==== DATA EXCERPTS

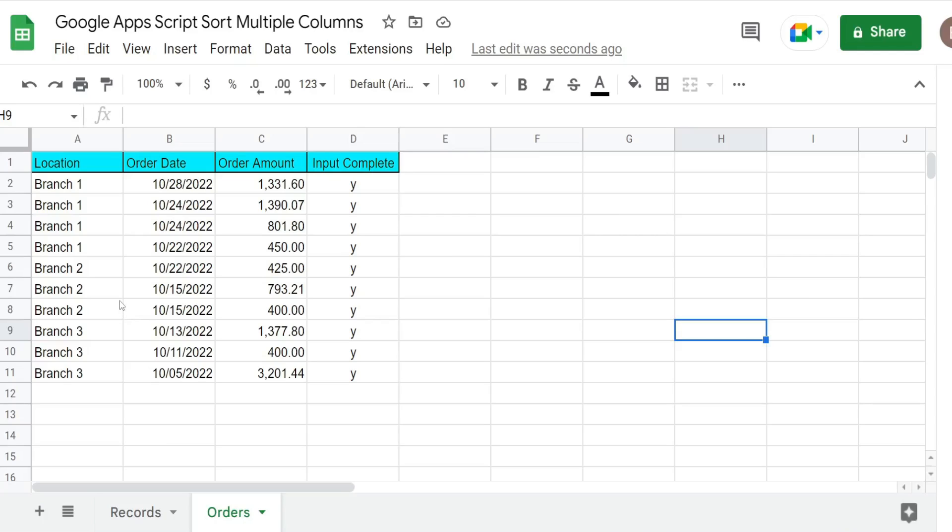In this video we're going to create code in Google Apps Script that automatically sorts an existing data set each time a new record is added.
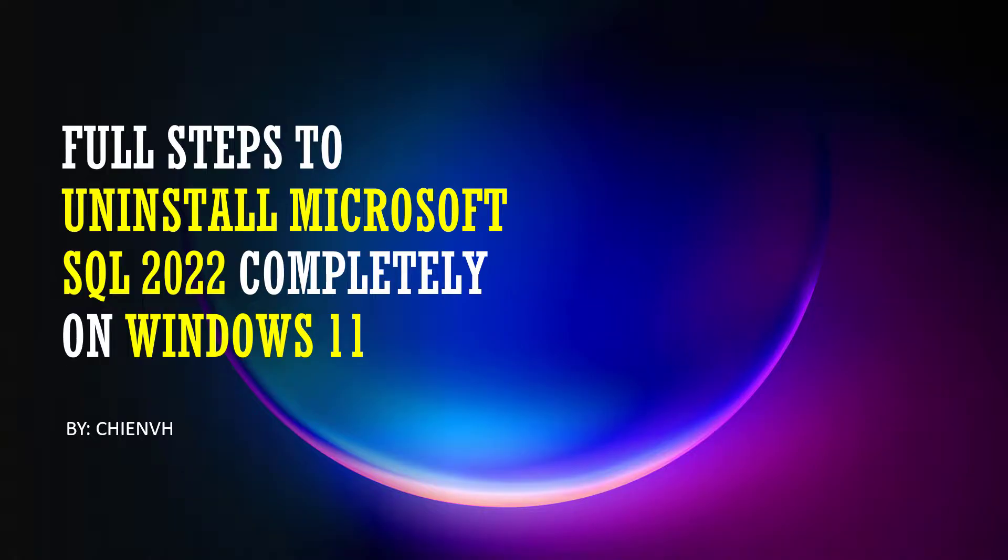Hi, in this video today I would like to show you the full steps to uninstall Microsoft SQL Server 2022 completely on Windows 11. Okay, so now let's get started.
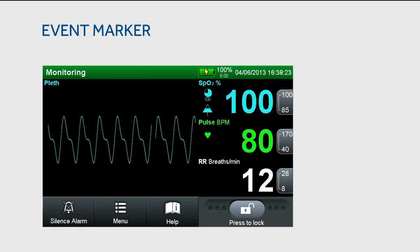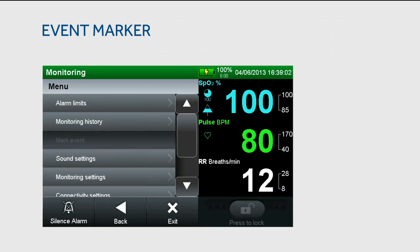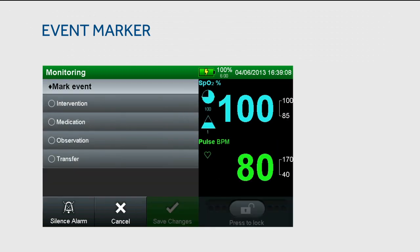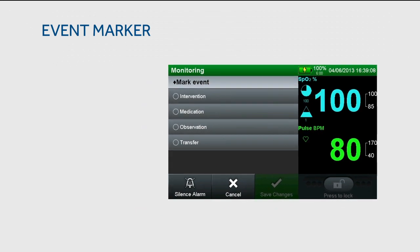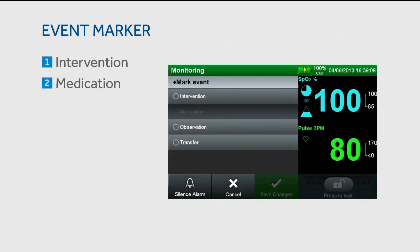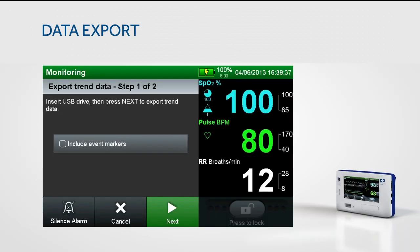Users can mark changes in patient monitoring status by adding an event marker. To do this, press menu and then select mark event. There are four options to choose from: intervention, medication, observation, or transfer. You can also download patient data using the functions in the data export submenu.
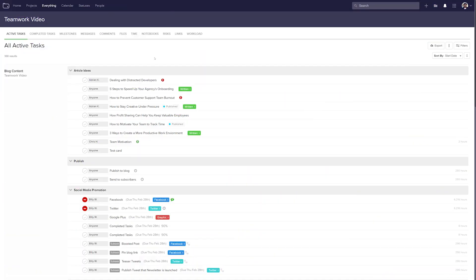The Everything section in Teamwork Projects allows you to view all tasks, milestones, messages, files and more across your Teamwork Projects installation. This is really useful to see what exactly has been done and needs to get done over your entire Teamwork Projects site.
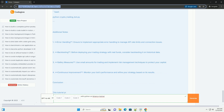Conclusion: This tutorial provides a basic framework for building a cryptocurrency trading bot using Python on the Binance testnet. You can expand upon this code by adding more complex strategies, integrating machine learning models, or implementing advanced features such as logging and alerts. Always remember to trade responsibly and keep learning.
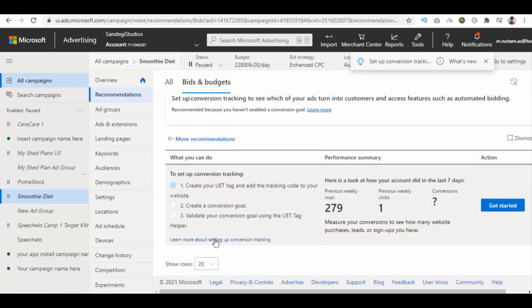Again here it suggests what you can do, performance summary, and action with the get started button to start.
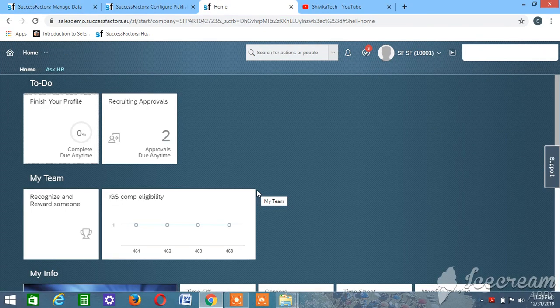This is the way we create a picklist and a parent picklist in SuccessFactors. If you like the video, please subscribe and hit the like button. In the coming videos, we'll see how to assign this picklist to an MDF object and HR elements. Thank you.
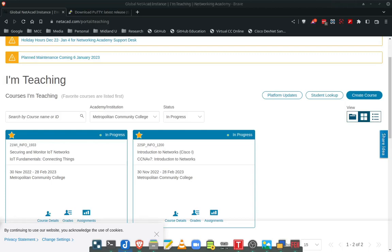Welcome to the Linux Classroom. Today we're going to walk through one of our IoT labs where we are going to install PL apps onto our Raspberry Pi. So let's jump in and begin.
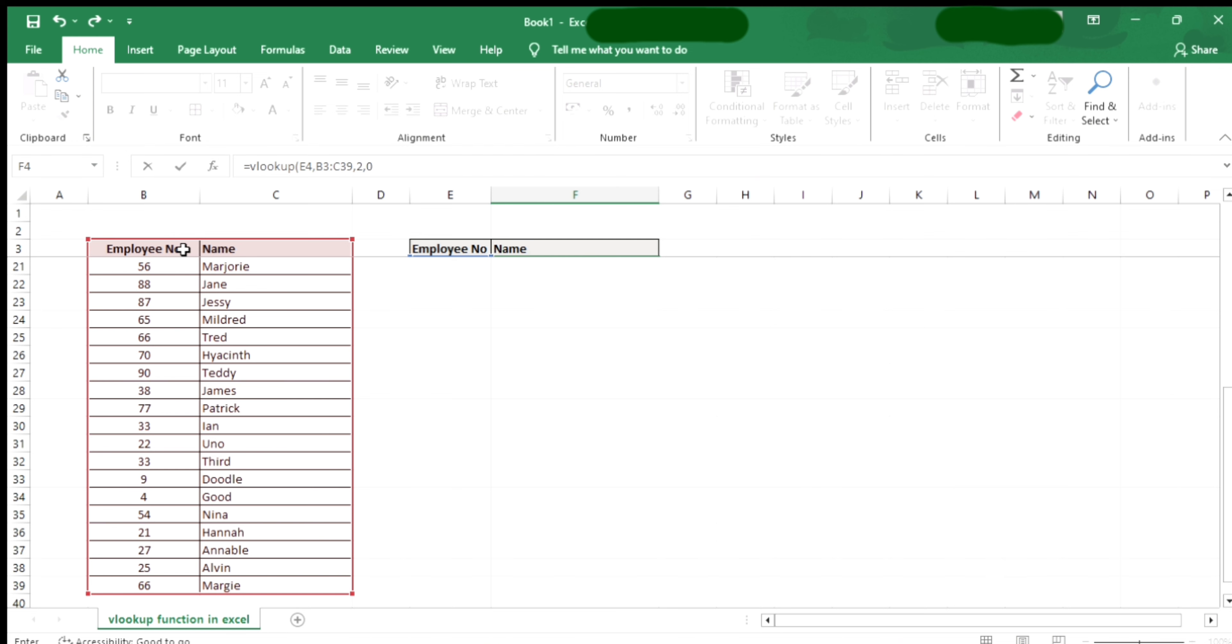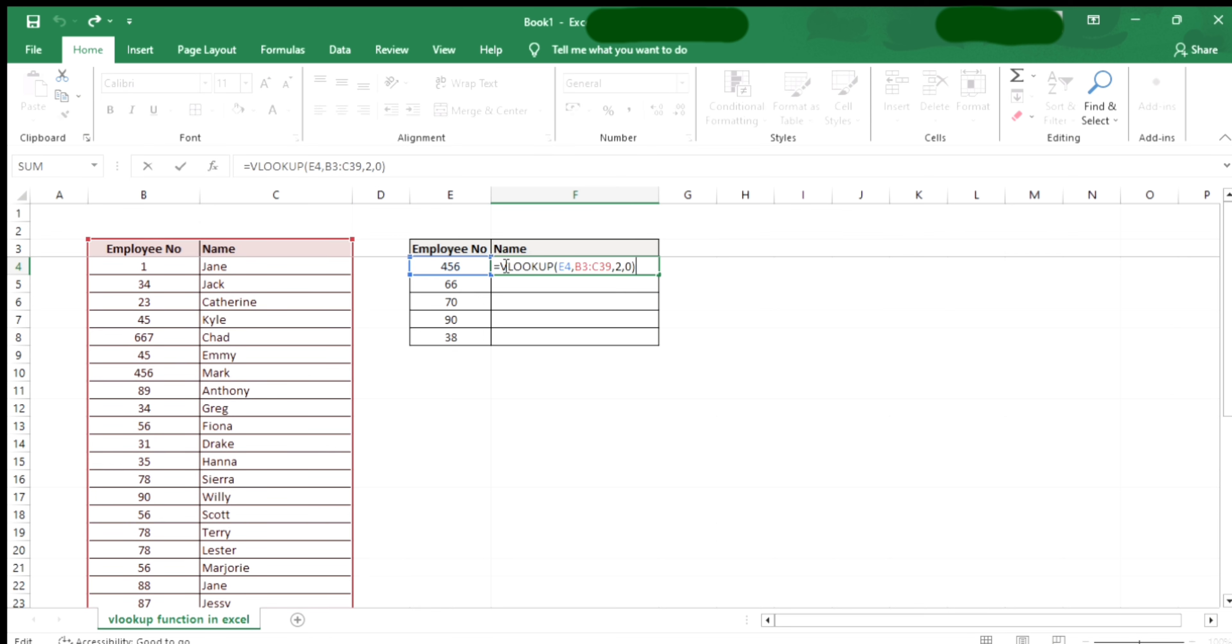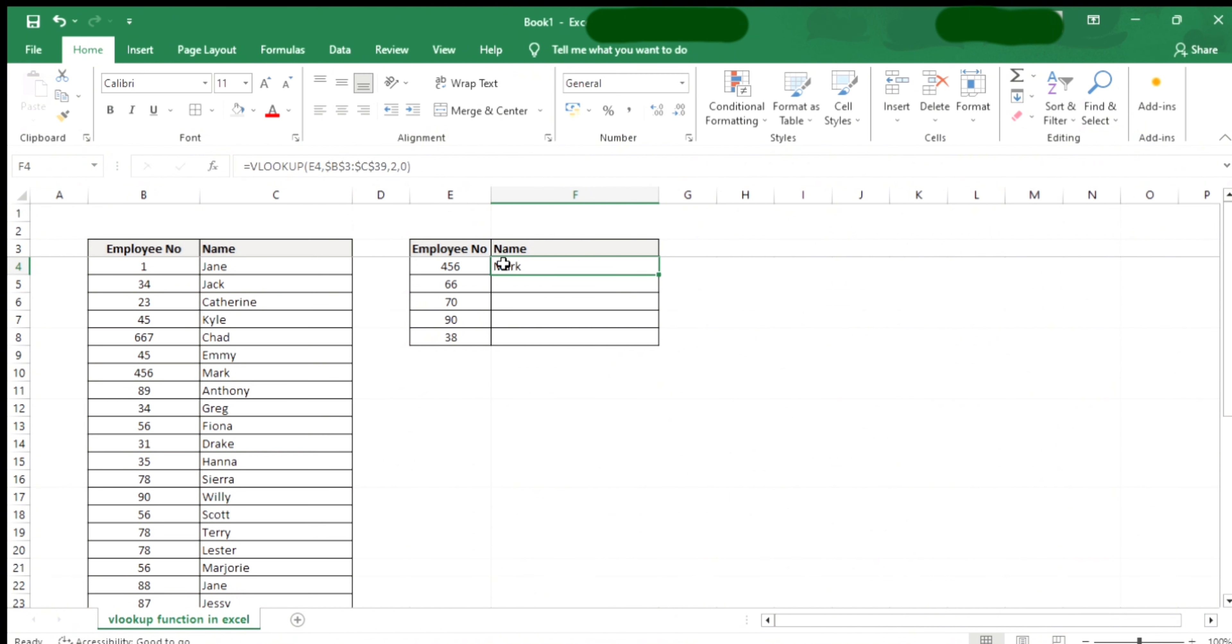And then comma, and then zero, and then close parentheses. You may use zero for the exact match or one for the approximate match. I just put a dollar sign in here to freeze the formula.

========

= WHAT THIS TASK INVOLVES =
Leaving the pictures aside, transcribe only the lines from the one containing "Welcome to the" to the final line of the listing above, inclusive, exactly as they appear.

= TASK RESULT =
Welcome to the Linux Classroom. Today we're going to walk through one of our IoT labs where we are going to install PL apps onto our Raspberry Pi. So let's jump in and begin.
And then comma, and then zero, and then close parentheses. You may use zero for the exact match or one for the approximate match. I just put a dollar sign in here to freeze the formula.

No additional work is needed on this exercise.